Deshalb ist es wichtig, dass die Regelung, die im März 2018 bezogen auf die subsidiär Schutzberechtigten ausläuft, noch einmal genauer angeschaut wird. Das ist eine Aufgabe der neuen Bundesregierung. Die Bundeskanzlerin hat bereits erklärt, dass das notwendig ist. Aus meiner Sicht kann ich nur sagen, dass ich eine Verlängerung dieser Regelung für sinnvoll halte.
Klar ist aber auch. Eine solche Regelung nicht nur für die subsidiär Schutzberechtigten, sondern auch für die anerkannten Flüchtlinge zu treffen, ist weder mit der Genfer Konvention noch mit dem Völkerrecht vereinbar und deshalb nicht möglich, meine sehr verehrten Damen und Herren.
Damit sind wir beim problematischen Teil Ihres Antrages. Ich will es noch einmal deutlich für Sie sagen: Sachsen gehört nach wie vor zur Bundesrepublik und ist damit Teil der EU. Das heißt, Europarecht, Asylgesetz und Genfer Konvention sind für uns eben nicht nur Floskeln, sondern selbstverständlich bindend. Deshalb verbietet sich eine generelle Ungleichbehandlung von Ausländern in diesem Punkt.
Vor diesem Hintergrund empfehle ich Ihnen als Vertreter der Staatsregierung, diesen Antrag abzulehnen.
Herr Staatsminister Ulbig sprach für die Staatsregierung. Jetzt hat die einreichende Fraktion AfD die Möglichkeit eines Schlusswortes. Bitte, Herr Wippel.

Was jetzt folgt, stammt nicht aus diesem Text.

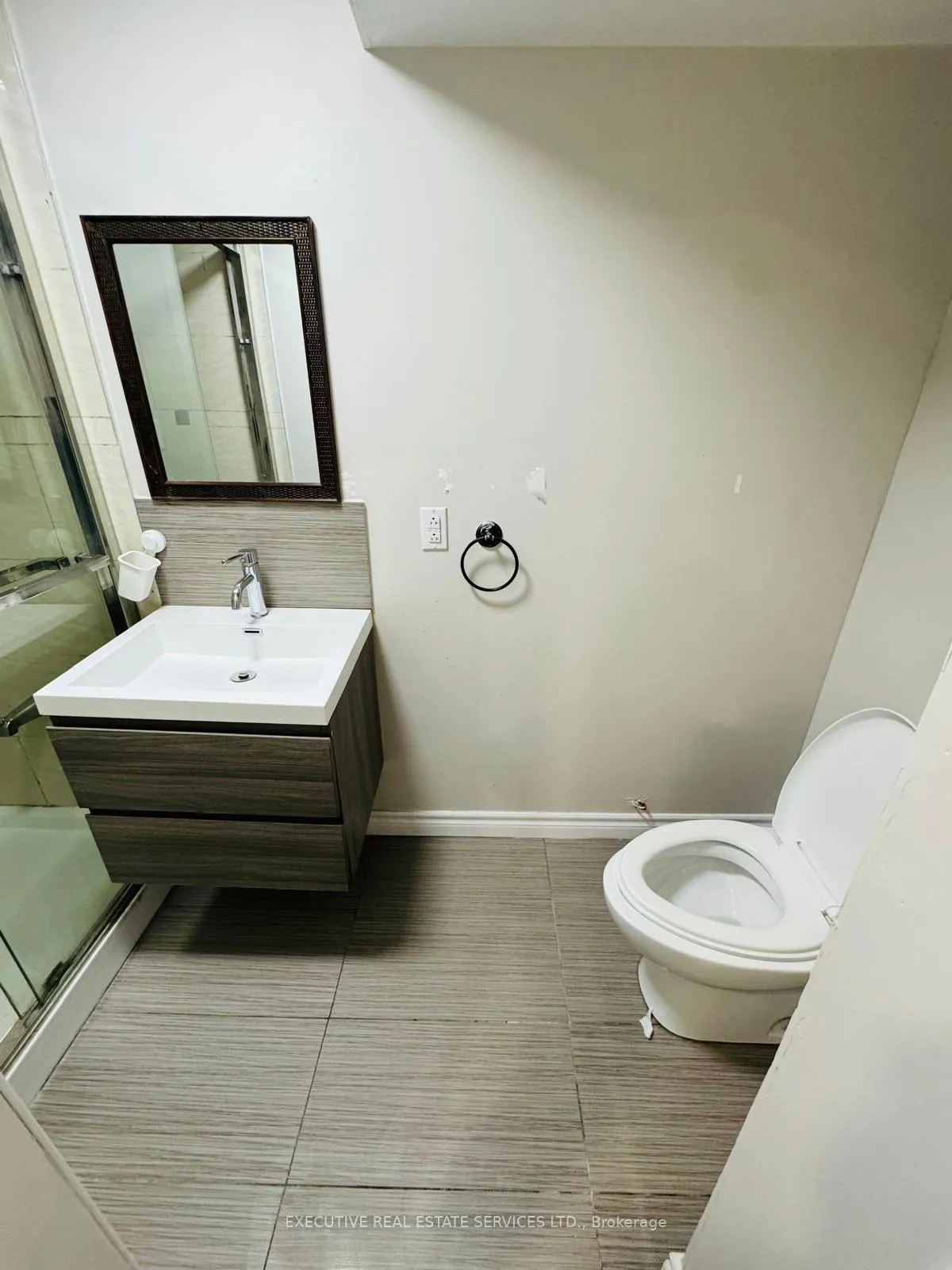 Photo 11 of Unit Bsmnt, 246 Doubtfire Crescent, Markham, Middlefield — HOMEH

Sehr geehrter Herr Präsident! Sehr geehrte Kollegen Abgeordnete! Wir haben festgestellt, dass der Sozialstaat Grenzen und einen Rechtsstaat bedingt. All das wollen wir mit diesem Antrag schützen. Das ist die Aufgabe der Politik. Die Aufgabe der Politik wird es auch sein, auf Bundesebene die entsprechenden Regelungen herbeizuführen. Da muss man eben mit der Europäischen Union verhandeln. Vielleicht muss man einmal schauen, ob die Genfer Flüchtlingskonvention heutzutage noch in der Form aktuell ist, wie sie geschrieben wurde.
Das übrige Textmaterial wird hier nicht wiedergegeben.